I added some more hooks and prints to the function, which I pasted at the bottom. It seems that setting set_detect_anomaly
on prevents any nan detection (all the outputs are False). Is this expected?
With set_detect_anomaly(False)
, the output is
x_1 False
x_2 False
y_1 False
y_2 False
tv_y back False
y_sqrt back False
y_2 back False
diff_4 back True
y_1 back False
diff_3 back True
x_2 back False
diff_2 back False
x_1 back False
diff_1 back False
Epoch 211:
x_1 True
x_2 True
y_1 True
y_2 True
tv_y back False
y_sqrt back False
y_2 back True
diff_4 back True
y_1 back True
diff_3 back True
x_2 back True
diff_2 back True
x_1 back True
diff_1 back True
With set_detect_anomaly(True)
, the output is
x_1 False
x_2 False
y_1 False
y_2 False
tv_y back False
y_sqrt back False
y_2 back False
diff_4 back False
y_1 back False
diff_3 back False
x_2 back False
diff_2 back False
x_1 back False
diff_1 back False
Epoch 211:
x_1 False
x_2 False
y_1 False
y_2 False
tv_y back False
y_sqrt back False
y_2 back False
/opt/conda/conda-bld/pytorch_1570711283072/work/torch/csrc/autograd/python_anomaly_mode.cpp:57: UserWarning: Traceback of forward call that caused the error:
File "run.py", line 84, in <module>
train.train(xdata, gt_data, vars(args))
...
File "...", line 119, in unsup_loss
tv = get_tv(x_hat, phase)
File "...", line 51, in get_tv
y_2 = torch.pow(diff, 2)
Traceback (most recent call last):
File "run.py", line 84, in <module>
train.train(xdata, gt_data, vars(args))
...
File "...", line 118, in trainer
loss.backward()
File "/nfs01/shared_software/anaconda3/envs/aw847-py37/lib/python3.7/site-packages/torch/tensor.py", line 150, in backward
torch.autograd.backward(self, gradient, retain_graph, create_graph)

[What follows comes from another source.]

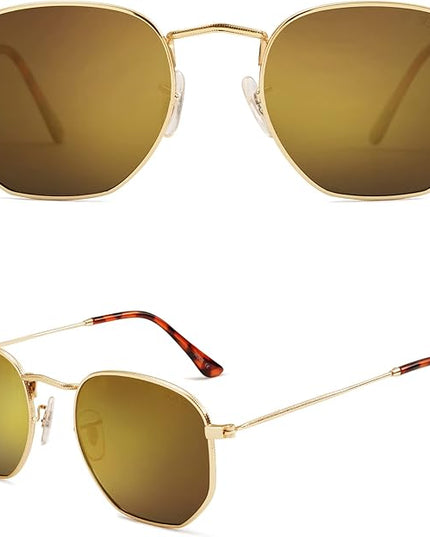 SOJOS Square Polarized Sunglasses for Women Men Small Hexagonal Polygon Shades SJ1072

File "/nfs01/shared_software/anaconda3/envs/aw847-py37/lib/python3.7/site-packages/torch/autograd/__init__.py", line 99, in backward
allow_unreachable=True) # allow_unreachable flag
RuntimeError: Function 'PowBackward0' returned nan values in its 0th output.
For my problem, it seems that the error is when calculating the diff. Why is a subtraction operator giving an nan?
Full function:
def get_tv(x, phase):
findnan = lambda s, x: print(s, (x != x).any().item())
x = x.float()
befor = x[:, 0, :, :-1]
after = x[:, 0, :, 1:]
diff = befor-after
if phase == 'train':
diff.register_hook(lambda grad: print('diff_1 back', (grad != grad).any().item()))
x_1 = torch.pow(diff, 2)
findnan('x_1', x_1)
x_1.register_hook(lambda grad: print('x_1 back', (grad != grad).any().item()))
befor = x[:, 1, :, :-1]
after = x[:, 1, :, 1:]
diff = befor-after
diff.register_hook(lambda grad: print('diff_2 back', (grad != grad).any().item()))
x_2 = torch.pow(diff, 2)
findnan('x_2', x_2)
x_2.register_hook(lambda grad: print('x_2 back', (grad != grad).any().item()))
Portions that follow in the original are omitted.